A study by Dunn and Moga (2010) examined 227 root-cause analysis reports from the Veterans Health Administration. Of the 227 reports, 182 of those were patient misidentification errors that occurred during one of the three specimen collection phases. Of the 182 misidentification reports, 132 events were in the pre-analytical phase. Wrong wristband applied to the patient, specimen mislabeling during collection and failure of two patient identifiers used were a few of the reasons for errors.

Kaushik and Green (2014) further dissected the specimen collection process and broke down the pre-analytical phase, identified common error types, identified common reasons the error occurred, as well as best practices to help reduce errors in this phase. The parts within the pre-analytical phase are: before, during and after specimen collection. Patient identification and specimen labeling errors were two of the identified error types in the before and after specimen collection phases of the pre-analytical phase. The most common causes of these error types were missing patient identifiers and labeling the specimen away from the bedside. Best practices identified to help prevent these errors were: barcoded wristbands, use of at least two patient identifiers, using biometric information and labeling the specimen container immediately after specimen collection.

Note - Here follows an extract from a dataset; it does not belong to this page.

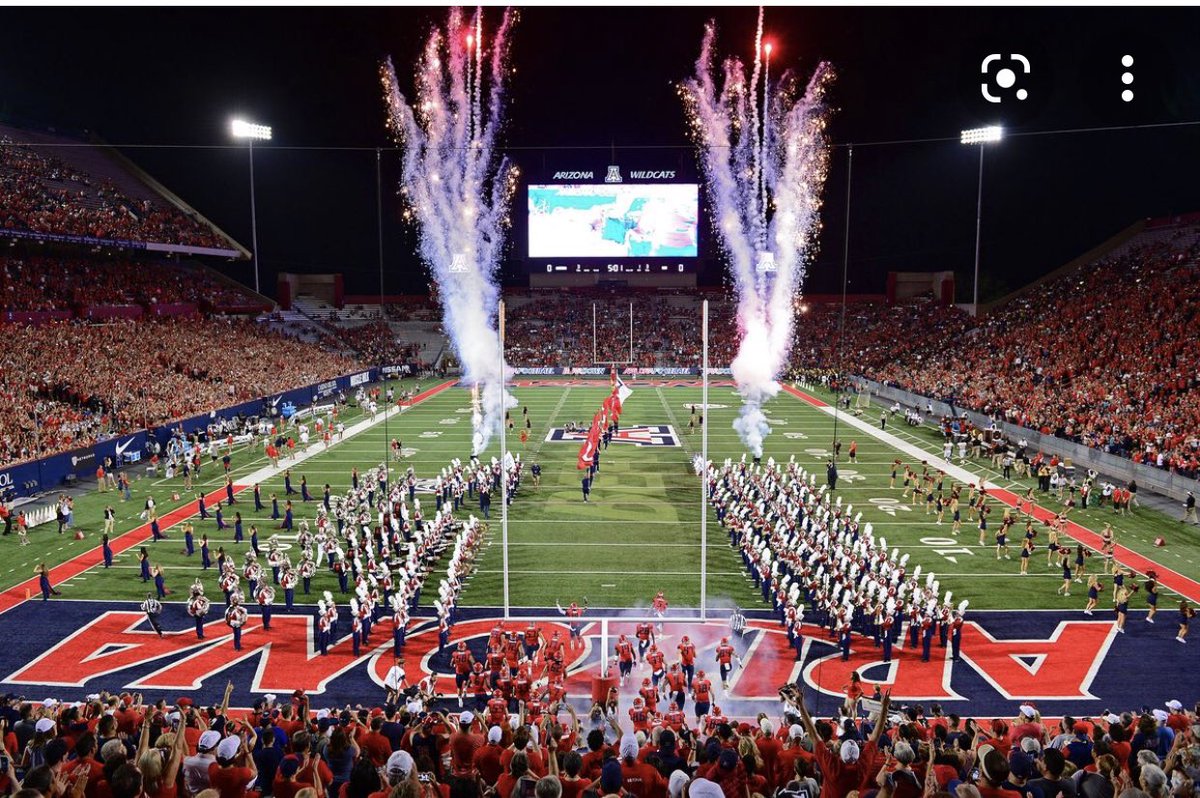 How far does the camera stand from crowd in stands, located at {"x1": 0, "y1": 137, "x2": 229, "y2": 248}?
4050cm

Review of the literature found that specimen labeling errors are prevalent and known in clinical laboratories. Specimen labeling errors have been identified as dangerous and affect the quality of care provided to patients; therefore, identification standards and goals have been put in place to help address the issue. The literature also identified that specimen errors occur most often in the pre-analytical phase (Kaushik & Green, 2014). This phase contains three steps: before, during, and after specimen collection. This phase is also unique in that it does not take place solely within the laboratory and also involves laboratory and non-laboratory personnel.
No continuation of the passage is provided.